The facts of the case itself illustrate the change of approach. One Step ran a business. Two directors wanted to leave the company and entered into covenants against competition and solicitation. Despite this, the directors opened a new business and breached those covenants. The judge at first instance ordered an assessment of the hypothetical licence fee that would have been agreed for a release from those covenants on a Wrotham Park basis in the alternative to ordinary compensatory damages. The Supreme Court rejected this approach: where the breach of a contractual obligation has caused the claimant to suffer economic loss, that loss should be measured as accurately or reliably as the nature of the case permits.
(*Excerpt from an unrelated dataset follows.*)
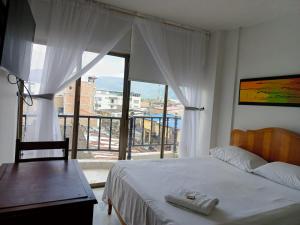 1 dormitorio con cama y ventana grande en HOTEL EJECUTIVO, en Pitalito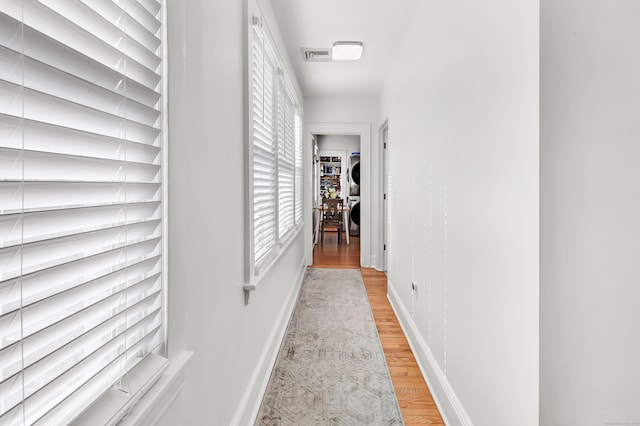 corridor featuring hardwood / wood-style floors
Damages assessed by reference to the value of the use wrongfully made of property (‘user damages’) are readily awarded at common law for the invasion or rights to tangible, moveable or immoveable property. Damages can be awarded in lieu of an injunction: one method of assessment is on the basis of the economic value of the right that the court declined to enforce by reference to the amount which the claimant could reasonably have demanded as a quid pro quo. Negotiating damages can be awarded for breach of contract where the loss suffered by the claimant is appropriately measured by reference to the economic value of the right which has been breached, considered as an asset. Common law damages for breach of contract are not a matter of discretion.
In the instant case, the correct object of the assessment would be to measure, as accurately as possible, the financial loss the claimant sustained. A hypothetical fee was not itself the measure of the claimant’s loss.